→ **The records**

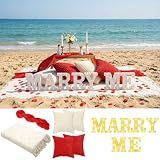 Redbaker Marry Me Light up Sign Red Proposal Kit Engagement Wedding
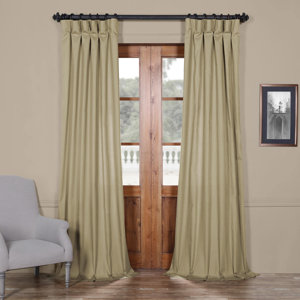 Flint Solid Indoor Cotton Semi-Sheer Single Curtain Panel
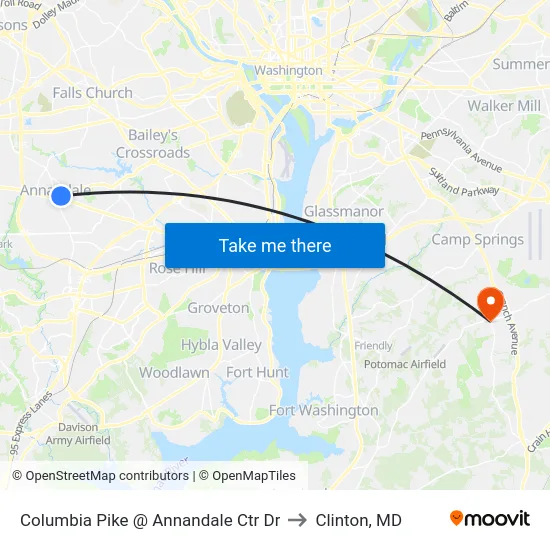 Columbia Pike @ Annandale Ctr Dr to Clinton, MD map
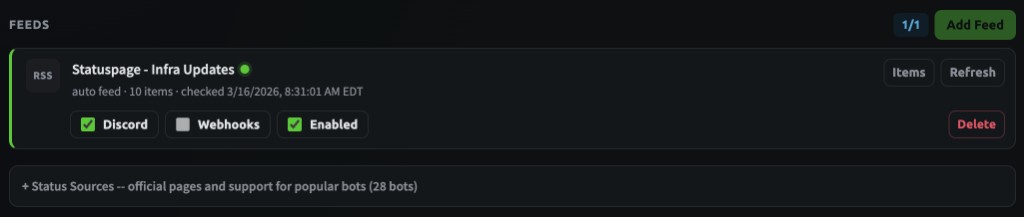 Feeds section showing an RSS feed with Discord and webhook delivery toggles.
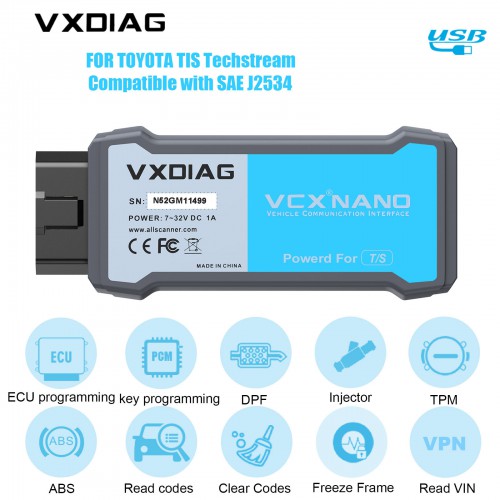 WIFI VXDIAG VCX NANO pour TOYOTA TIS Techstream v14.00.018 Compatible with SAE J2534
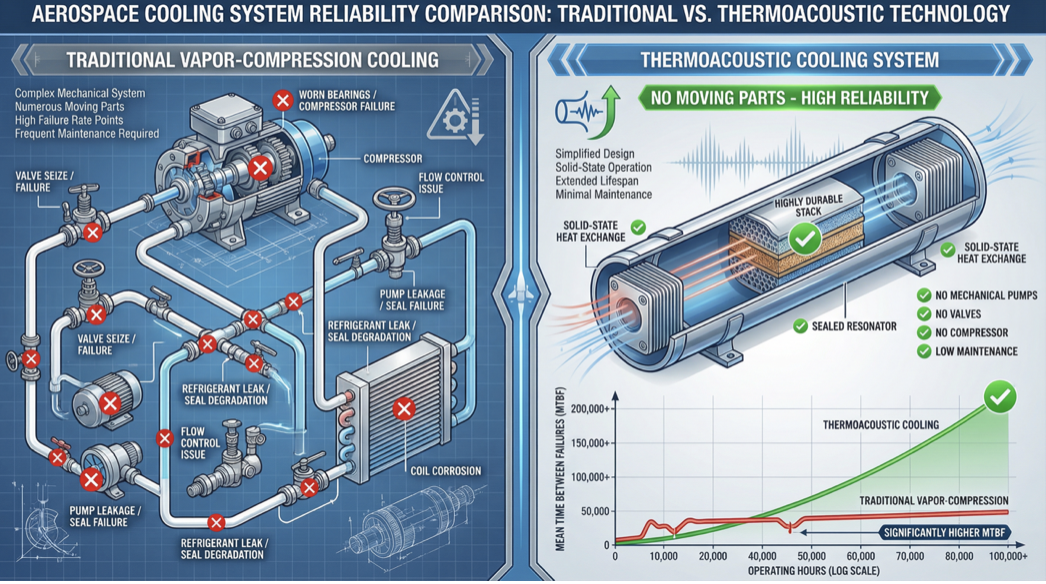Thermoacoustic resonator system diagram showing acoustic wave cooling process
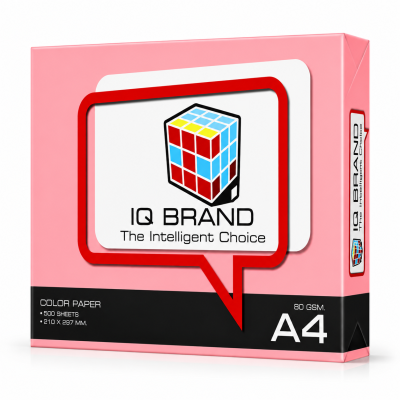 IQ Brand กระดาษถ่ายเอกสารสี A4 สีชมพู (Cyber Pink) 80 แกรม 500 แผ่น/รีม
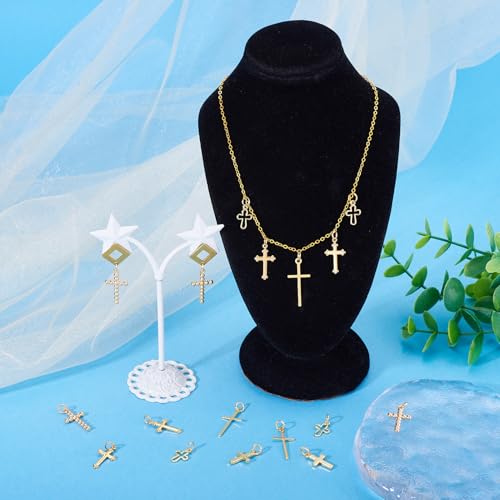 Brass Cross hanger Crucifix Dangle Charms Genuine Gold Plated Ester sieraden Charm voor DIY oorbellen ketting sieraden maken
==
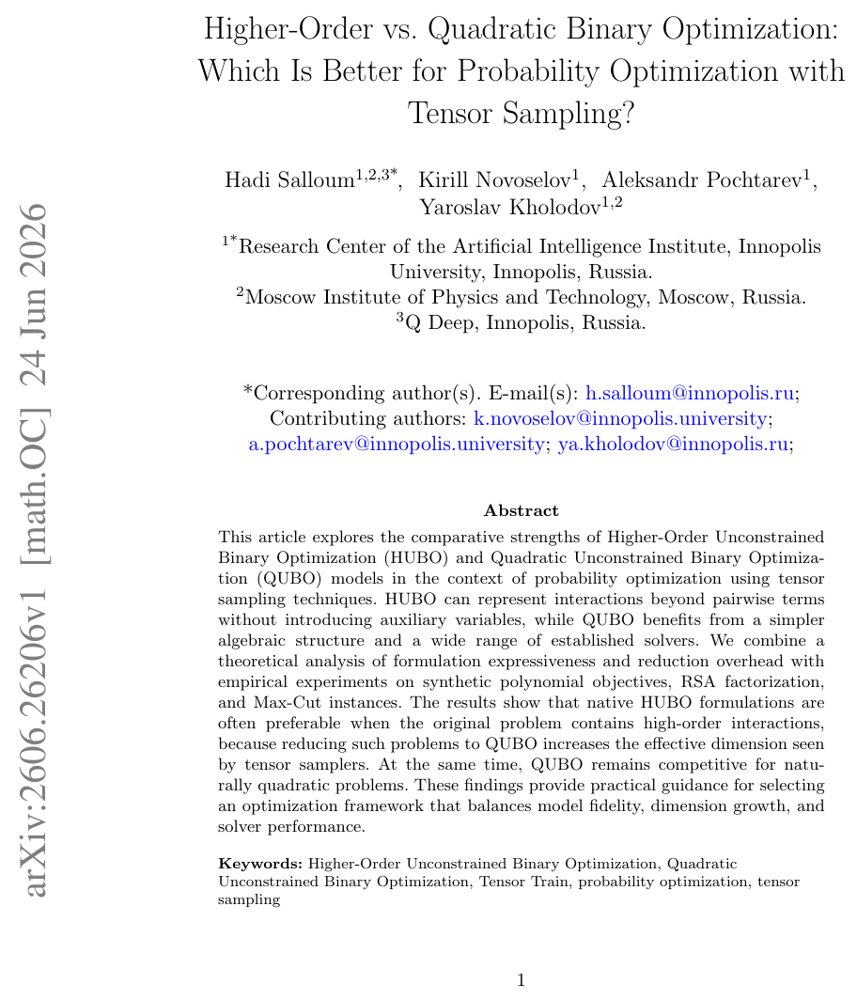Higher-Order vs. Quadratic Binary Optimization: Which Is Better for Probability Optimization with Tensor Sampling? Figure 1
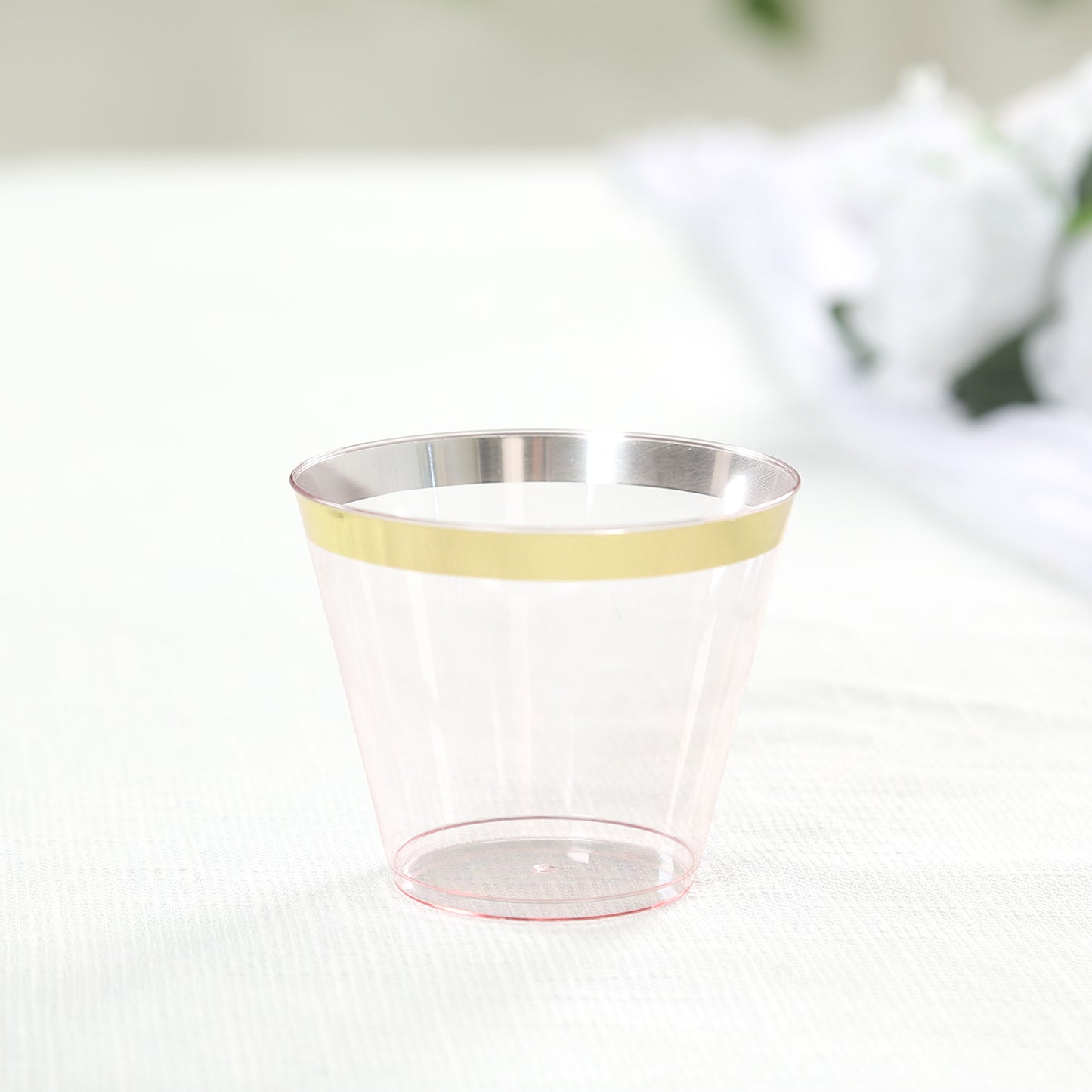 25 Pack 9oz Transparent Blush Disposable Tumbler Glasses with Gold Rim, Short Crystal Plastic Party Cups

→ **To do**
Repeat, without pictures, exactly the lines of the data above from the one containing "Redbaker Marry Me" through the one containing "Brass Cross hanger", including both and adding nothing.

→ **Result**
 Redbaker Marry Me Light up Sign Red Proposal Kit Engagement Wedding
 Flint Solid Indoor Cotton Semi-Sheer Single Curtain Panel
 Columbia Pike @ Annandale Ctr Dr to Clinton, MD map
 Feeds section showing an RSS feed with Discord and webhook delivery toggles.
 WIFI VXDIAG VCX NANO pour TOYOTA TIS Techstream v14.00.018 Compatible with SAE J2534
Thermoacoustic resonator system diagram showing acoustic wave cooling process
 IQ Brand กระดาษถ่ายเอกสารสี A4 สีชมพู (Cyber Pink) 80 แกรม 500 แผ่น/รีม
 Brass Cross hanger Crucifix Dangle Charms Genuine Gold Plated Ester sieraden Charm voor DIY oorbellen ketting sieraden maken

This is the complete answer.